Source data =

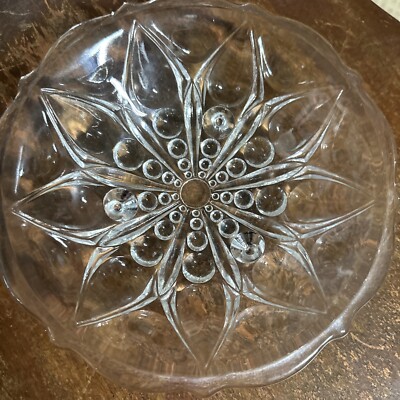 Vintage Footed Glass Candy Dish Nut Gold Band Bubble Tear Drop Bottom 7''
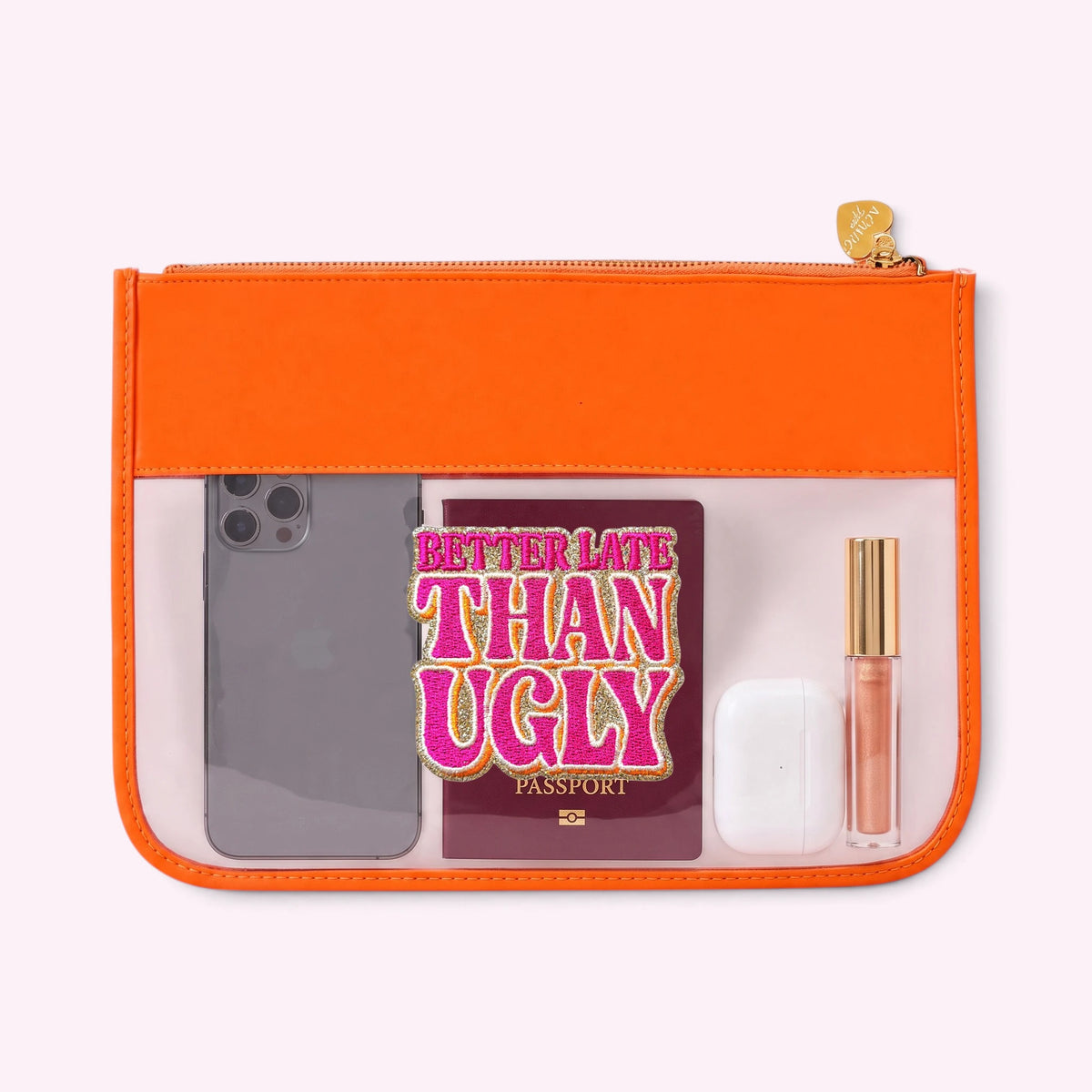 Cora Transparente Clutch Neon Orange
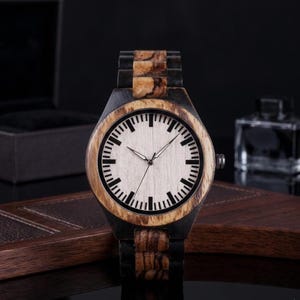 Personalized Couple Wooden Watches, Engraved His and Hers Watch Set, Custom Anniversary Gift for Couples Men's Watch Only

Exercise aim = Down to the last line, reproduce the material above exactly; skip its images.

Solution for this task =
 Vintage Footed Glass Candy Dish Nut Gold Band Bubble Tear Drop Bottom 7''
 Cora Transparente Clutch Neon Orange
 Personalized Couple Wooden Watches, Engraved His and Hers Watch Set, Custom Anniversary Gift for Couples Men's Watch Only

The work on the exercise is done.